Information given
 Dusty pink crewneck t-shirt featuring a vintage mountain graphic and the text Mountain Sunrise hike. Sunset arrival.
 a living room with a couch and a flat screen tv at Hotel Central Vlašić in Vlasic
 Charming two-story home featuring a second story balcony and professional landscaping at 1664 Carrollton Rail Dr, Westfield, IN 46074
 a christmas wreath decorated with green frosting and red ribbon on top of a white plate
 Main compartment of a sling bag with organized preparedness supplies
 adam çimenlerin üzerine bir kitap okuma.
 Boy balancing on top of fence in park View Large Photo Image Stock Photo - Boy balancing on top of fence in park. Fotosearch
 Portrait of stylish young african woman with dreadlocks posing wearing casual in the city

--

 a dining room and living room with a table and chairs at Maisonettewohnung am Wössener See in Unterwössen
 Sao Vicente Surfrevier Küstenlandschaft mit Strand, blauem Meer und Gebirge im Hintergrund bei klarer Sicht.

Instructions for the task
Restate word for word the lines of the data above, starting at the line containing "adam çimenlerin üzerine bir kitap okuma." and ending at the line containing "Portrait of stylish", both included, and nothing more.

Written reply
 adam çimenlerin üzerine bir kitap okuma.
 Boy balancing on top of fence in park View Large Photo Image Stock Photo - Boy balancing on top of fence in park. Fotosearch
 Portrait of stylish young african woman with dreadlocks posing wearing casual in the city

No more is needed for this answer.